The promise of seeing New Vegas itself may not match the discovery of the other vaults in Fallout 3, but it has to be said that The Strip is one of the most interesting elements of the game. Unlike the usually desolate and depressing locales in the game, The Strip has been the one place for denizens of the Wasteland to let off some steam, and has remained open even post apocalypse. Bright lights and more people than ever seen in a section of either of the last two Fallout games make for a place that adds to the humanity of the world. It’s where the game is at its most interesting, and some of the missions you are tasked with take the game’s action to new heights. With this obviously technically challenging area though, does the game buckle under the pressure?

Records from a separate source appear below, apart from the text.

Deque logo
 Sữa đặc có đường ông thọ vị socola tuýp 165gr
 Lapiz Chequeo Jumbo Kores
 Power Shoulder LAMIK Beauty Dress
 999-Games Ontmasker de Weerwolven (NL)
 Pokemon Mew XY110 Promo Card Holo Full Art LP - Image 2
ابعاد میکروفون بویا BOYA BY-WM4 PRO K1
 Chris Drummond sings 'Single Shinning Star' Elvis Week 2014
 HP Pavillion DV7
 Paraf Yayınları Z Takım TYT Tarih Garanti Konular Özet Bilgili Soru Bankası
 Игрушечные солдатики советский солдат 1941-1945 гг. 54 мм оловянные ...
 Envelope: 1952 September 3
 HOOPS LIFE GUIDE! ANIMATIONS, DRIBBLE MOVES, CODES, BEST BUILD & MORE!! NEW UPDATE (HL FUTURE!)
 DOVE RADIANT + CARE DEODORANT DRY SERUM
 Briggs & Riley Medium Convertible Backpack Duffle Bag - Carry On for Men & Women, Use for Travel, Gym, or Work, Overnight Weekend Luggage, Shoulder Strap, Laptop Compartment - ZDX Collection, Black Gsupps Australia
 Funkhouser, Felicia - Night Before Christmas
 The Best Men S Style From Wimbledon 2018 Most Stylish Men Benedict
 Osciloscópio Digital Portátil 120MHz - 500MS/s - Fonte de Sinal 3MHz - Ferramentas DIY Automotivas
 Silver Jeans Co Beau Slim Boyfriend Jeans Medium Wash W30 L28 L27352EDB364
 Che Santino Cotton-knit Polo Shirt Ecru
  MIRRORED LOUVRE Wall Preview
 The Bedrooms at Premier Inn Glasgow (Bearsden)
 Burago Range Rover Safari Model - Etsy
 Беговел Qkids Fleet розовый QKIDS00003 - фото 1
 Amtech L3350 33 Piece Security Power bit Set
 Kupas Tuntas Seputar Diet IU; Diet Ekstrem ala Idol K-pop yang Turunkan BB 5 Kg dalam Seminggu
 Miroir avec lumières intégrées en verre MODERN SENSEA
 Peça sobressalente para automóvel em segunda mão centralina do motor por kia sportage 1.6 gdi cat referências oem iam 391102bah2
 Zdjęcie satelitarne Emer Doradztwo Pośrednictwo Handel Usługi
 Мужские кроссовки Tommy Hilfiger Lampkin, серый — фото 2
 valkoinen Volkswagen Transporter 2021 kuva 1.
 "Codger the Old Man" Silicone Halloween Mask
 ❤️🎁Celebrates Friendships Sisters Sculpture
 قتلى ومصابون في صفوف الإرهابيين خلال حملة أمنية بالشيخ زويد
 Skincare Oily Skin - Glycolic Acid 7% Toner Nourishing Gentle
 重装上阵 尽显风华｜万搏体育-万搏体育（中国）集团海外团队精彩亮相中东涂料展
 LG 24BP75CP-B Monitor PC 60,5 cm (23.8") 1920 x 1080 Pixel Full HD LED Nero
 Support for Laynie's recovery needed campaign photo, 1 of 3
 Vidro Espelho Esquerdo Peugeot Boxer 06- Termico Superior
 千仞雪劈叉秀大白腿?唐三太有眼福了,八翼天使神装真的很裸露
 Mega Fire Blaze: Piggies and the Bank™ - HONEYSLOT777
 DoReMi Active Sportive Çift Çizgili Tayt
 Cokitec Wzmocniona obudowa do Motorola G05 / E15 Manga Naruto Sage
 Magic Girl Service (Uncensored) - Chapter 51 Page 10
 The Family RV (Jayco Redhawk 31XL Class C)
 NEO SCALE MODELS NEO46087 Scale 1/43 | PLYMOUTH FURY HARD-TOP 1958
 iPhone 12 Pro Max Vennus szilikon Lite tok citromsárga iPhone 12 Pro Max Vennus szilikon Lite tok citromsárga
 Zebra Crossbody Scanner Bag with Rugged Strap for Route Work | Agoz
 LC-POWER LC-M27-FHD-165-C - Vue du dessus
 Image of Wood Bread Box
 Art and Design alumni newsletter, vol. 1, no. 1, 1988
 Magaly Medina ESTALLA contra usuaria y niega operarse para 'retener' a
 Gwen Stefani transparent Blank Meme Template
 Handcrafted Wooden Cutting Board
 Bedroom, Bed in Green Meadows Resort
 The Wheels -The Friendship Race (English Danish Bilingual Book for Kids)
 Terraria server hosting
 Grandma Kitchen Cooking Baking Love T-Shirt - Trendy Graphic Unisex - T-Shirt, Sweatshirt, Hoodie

Sadly it does, and the effects are damning on New Vegas as a package. For anyone that joined the Fallout 3 adventure early on, technical issues were seemingly a natural negative in an all round perfect game. Through a series of early patches and the eventual DLC releases though, these issues were rectified. It’s unfortunate that the developers haven’t learned from these mistakes in Fallout: New Vegas as technical issues crop up every few minutes. Other than the obvious game-breaking crashes that happen far too often than they should, clipping issues, laggy controls and stats errors that can prevent you from leveling properly are too numerous for a game as AAA as New Vegas. The problems here are so obvious, and so present that ignoring them would be wrong of me as a writer. Graphically the game suffers greatly; underneath the problems is a good looking game, even if the improvements over its predecessor are not as large as they should be given the 2 years that have passed.
So with that in mind, it’s very hard to weigh up just how good Fallout: New Vegas is. In most respects, it is the next development of the work done through DLC of Fallout 3, with interesting missions, diverse characters and the same top notch RPG gameplay. In other respects though, this is a rehash of every idea found in 2008’s game, albeit with more technical issues than a Movie tie-in. If you’ve exhausted Fallout 3 and all of the DLC, New Vegas will fill the void in your life. If not, perhaps stick with that bonafide classic before delving into the brilliant, but flawed world of New Vegas.